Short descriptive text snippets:
[Start of Attachment]

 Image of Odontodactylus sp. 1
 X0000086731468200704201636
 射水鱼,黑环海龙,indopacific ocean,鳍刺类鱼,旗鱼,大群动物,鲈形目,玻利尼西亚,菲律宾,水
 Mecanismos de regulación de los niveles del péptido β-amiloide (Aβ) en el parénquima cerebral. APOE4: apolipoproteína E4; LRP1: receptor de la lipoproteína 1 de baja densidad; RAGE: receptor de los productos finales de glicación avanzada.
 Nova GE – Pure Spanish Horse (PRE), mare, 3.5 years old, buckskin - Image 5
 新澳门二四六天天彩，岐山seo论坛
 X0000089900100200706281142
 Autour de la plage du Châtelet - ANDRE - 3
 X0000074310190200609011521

[End of Attachment]
[Start of Attachment]

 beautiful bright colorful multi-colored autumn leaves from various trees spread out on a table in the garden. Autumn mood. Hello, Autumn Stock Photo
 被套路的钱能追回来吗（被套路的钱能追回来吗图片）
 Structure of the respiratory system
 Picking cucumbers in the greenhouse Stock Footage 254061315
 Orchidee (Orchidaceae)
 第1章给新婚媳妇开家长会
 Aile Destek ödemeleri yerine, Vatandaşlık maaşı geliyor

[End of Attachment]

### [Work required]
Go through the records above and count every line that includes "Image". Give the number and nothing else.

### [Output below]
2